0

So I am writing a program to read a webpage using urllib, then using "html2text", write the basic text to a file. However, the raw contents given from urllib.read() has various characters, so it would continuously raise UnicodeDecodeError.

I of course Googled this for 3 hours, got plenty of answers like using HTMLParser, or reload(sys), using external modules like pdfkit or BeautifulSoup, and of course .encode/.decode.

Reloading sys and then executing sys.setdefaultencoding("utf-8") grants me the desired results, but IDLE and the program becomes unresponsive after that.

I tried every variation of the .encode/.decode with 'utf-8' and 'ascii', with arguments like 'replace', 'ignore', etc.

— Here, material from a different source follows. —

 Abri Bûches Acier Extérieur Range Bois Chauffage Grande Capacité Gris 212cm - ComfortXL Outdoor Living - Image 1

For some reason, it raises the same error everytime regardless of the arguments I supply in the encode/decode.

def download(self, url, name="WebPage.txt"):
    ## Saves only the text to file
    page = urllib.urlopen(url)
    content = page.read()
    with open(name, 'wb') as w:
        HP_inst = HTMLParser.HTMLParser()
        content = content.encode('ascii', 'xmlcharrefreplace')
        if True: 
            #w.write(HTT.html2text( (HP_inst.unescape( content ) ).encode('utf-8') ) )
            w.write( HTT.html2text( content) )#.decode('ascii', 'ignore')  ))
            w.close()
            print "Saved!"

There has to be another method or encoding I am missing... Please help!

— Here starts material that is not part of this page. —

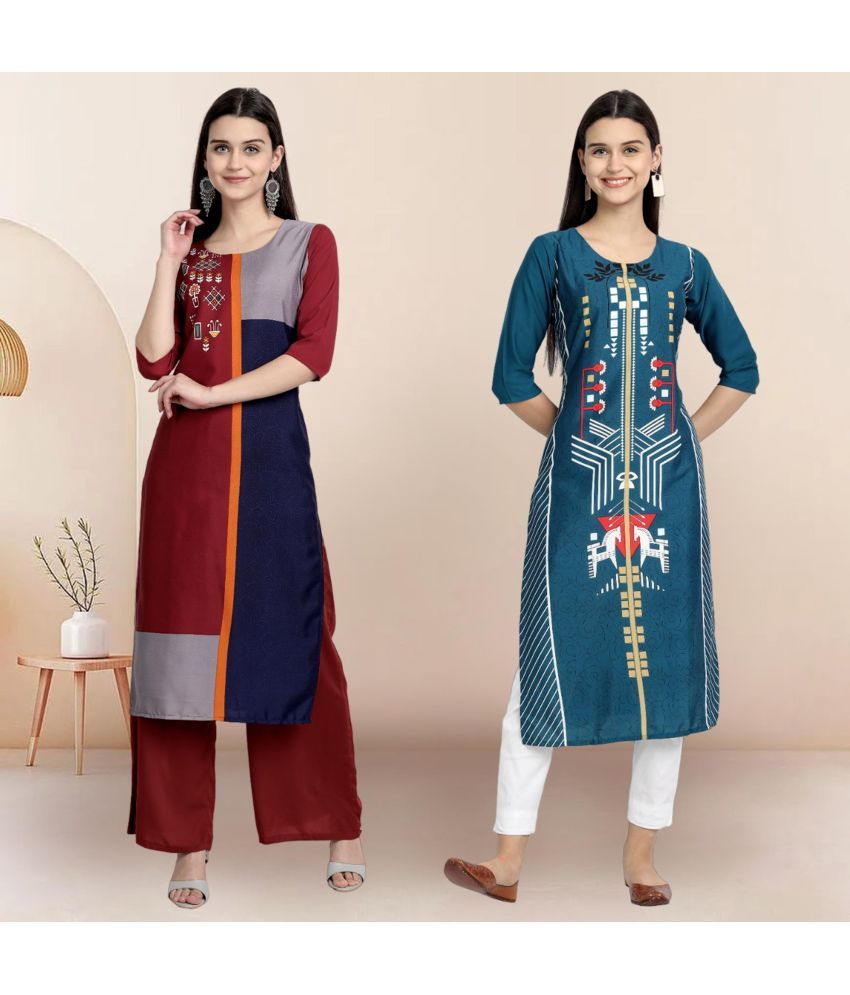     			Ethnicbasket Pack of 2 Crepe Printed Straight Women's Kurti - ( Multicolor1 )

Side Quest: I sometimes have to write it to a file where the name includes unsupported chars like "G\u00e9za Teleki"+".txt". How do I filter those characters out?

Note:

  • This function was stored inside a class (hint "self").
  • Using python2.7
  • Don't want to use BeautfiulSoup
  • Windows 8 64-bit
Chris Nguyen
  • 160
  • 1
  • 4
  • 14

2 Answers2

0

You should decode the content get from urllib with the properly encoding eg, utf-8 latin1 depends on the page you get.

The way to detect the encoding of the content are various. From headers or meta in html. I'd like to use a encoding detective module which I forget the name, you could google it.

Once you decode it properly, you can encode it to any encoding you like before write to a file

======================================

Here's the example using chardet

import urllib
import chardet


def main():
    page = urllib.urlopen('http://bbc.com')
    content = page.read()

    # detect the encoding
    try:
        encoding = chardet.detect(content)['encoding']
    except:
        # use utf-8 as default encoding
        encoding = 'utf-8'

    # decode the content into unicode
    content = content.decode(encoding)

    # write to file
    with open('test.txt', 'wb') as f:
        f.write(content.encode('utf-8'))
zephor
  • 687
  • 5
  • 13
  • Can you give an example? – Chris Nguyen Nov 28 '15 at 02:01
  • @ChrisNguyen I was not so convinient then, Here I add my example – zephor Nov 28 '15 at 02:32
  • Ohh okay, I see how encoding works... You have to decode it with its original encoded format/method?.. and is that the only way is by using an external library to detect the coding? Or is there a way without external modules? – Chris Nguyen Nov 28 '15 at 04:50
  • and how do I use chardet? I downloaded chardet.tar.gz and ran "python setup.py install" but I dont have setuptools on here... Anyway to go around this? – Chris Nguyen Nov 28 '15 at 04:58
  • follow [this](http://stackoverflow.com/questions/1449396/how-to-install-setuptools), setuptools is a basic component to install third-party modules – zephor Nov 28 '15 at 05:04
0

You have to know the encoding the remote web page is using. There are numerous ways to implement this but the easiest way is to use the Python-Requests library instead of urllib. Requests returns pre-decoded Unicode objects.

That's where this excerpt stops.